Franz Ferdinand is one of the British music scenes most hyped up new bands this year, so the question is: do they live up to that hype? The answer is yes and no. The self-titled album is great but it does borrow from so many genres it's quite hard to ignore this fact.
If you were expecting more of the same as Take Me Out' then you won't be disappointed for the most part although the styles do differ sometimes. I was quite surprised to hear track 1, Jacqueline', start off so whimsically folksy but then the beat kicked in and it was business as usual.
The album version of Take me Out' is different; I had to double
check the track listings to make sure it was the same tune. There's a different start to the song which bears almost no resemblance to the rest of the song. Next track, Matinee' is a mix of dark glam rock and new wave which pulls you in and takes you along for the ride. Singer Alexander Kapranos's voice is so distinctly British and he wraps it closely around the words and tune with great effect.
Auf Asche' is not what I expected it to be as it opens with a piano melody that sparks off a sinister tune about lust and obsession. It's tighter than George Bush's security with a really well kept rhythm section. Not really like Take Me Out' or Darts of Pleasure' but is one of the best tracks on the album. Cheating on you' almost reverts back to type. Starts like Muse but quickly turns into 60s rock n' roll, that doesn't stop it from steam-rolling its way into your consciousness.

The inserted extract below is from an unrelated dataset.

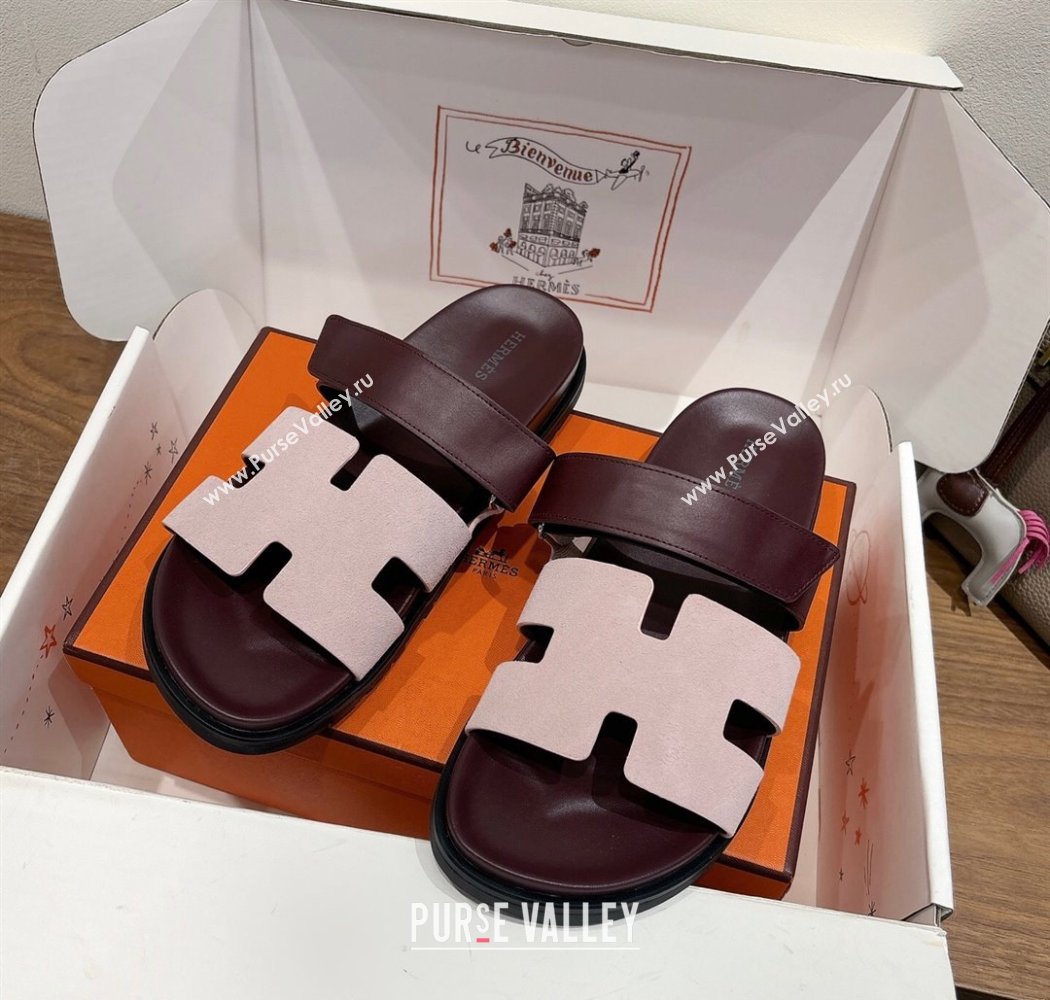 Hermes Chypre Slide Sandals in Calfskin and Suede Pink/Burgundy 2025 H082008 (XC-250820073)
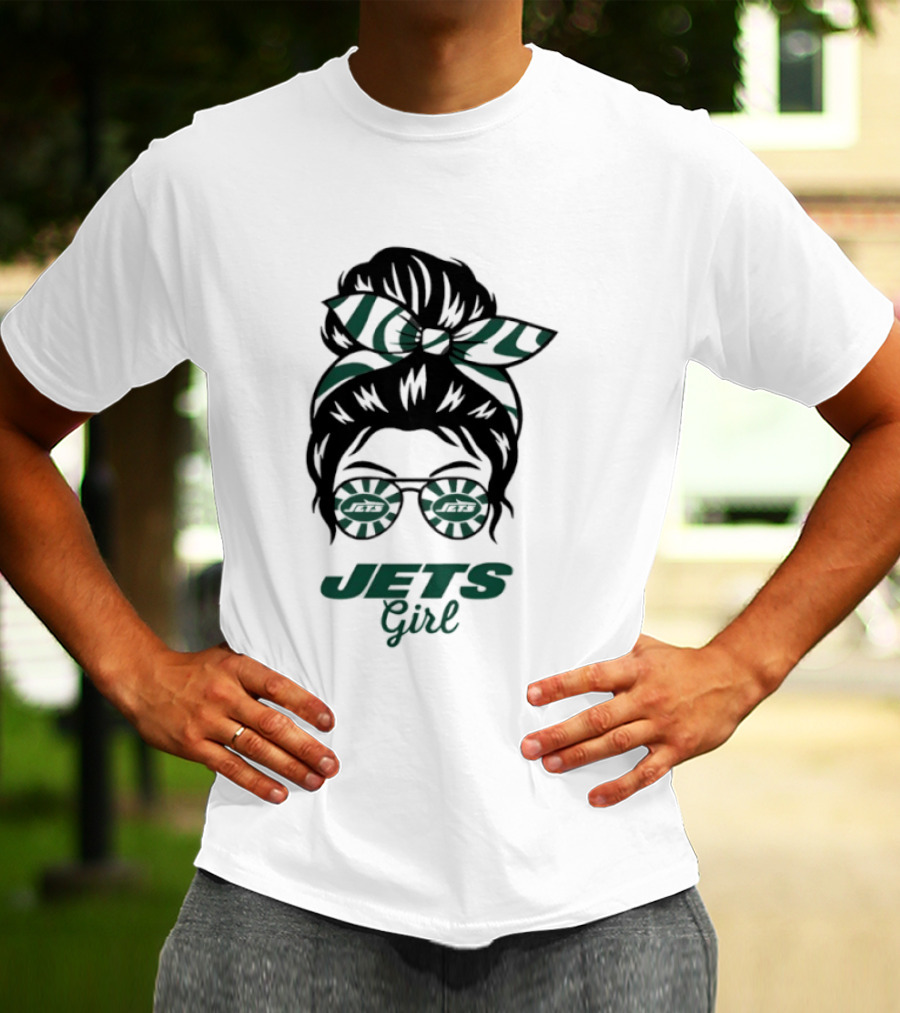 Jets Girl Messy Bun With Glasses T-Shirt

The award for strangest song on the album has to go to '40 ft' a subdued affair which for some reason reminds me of icebergs. Far jazzier than the rest of the album it goes crazy then calms down and so on. It's very different from the rest of the album not that, that's a bad thing. For the most part, this is a great album but sometimes it can seem like Franz Ferdinand have cobbled together various bits of different genres to complete an album.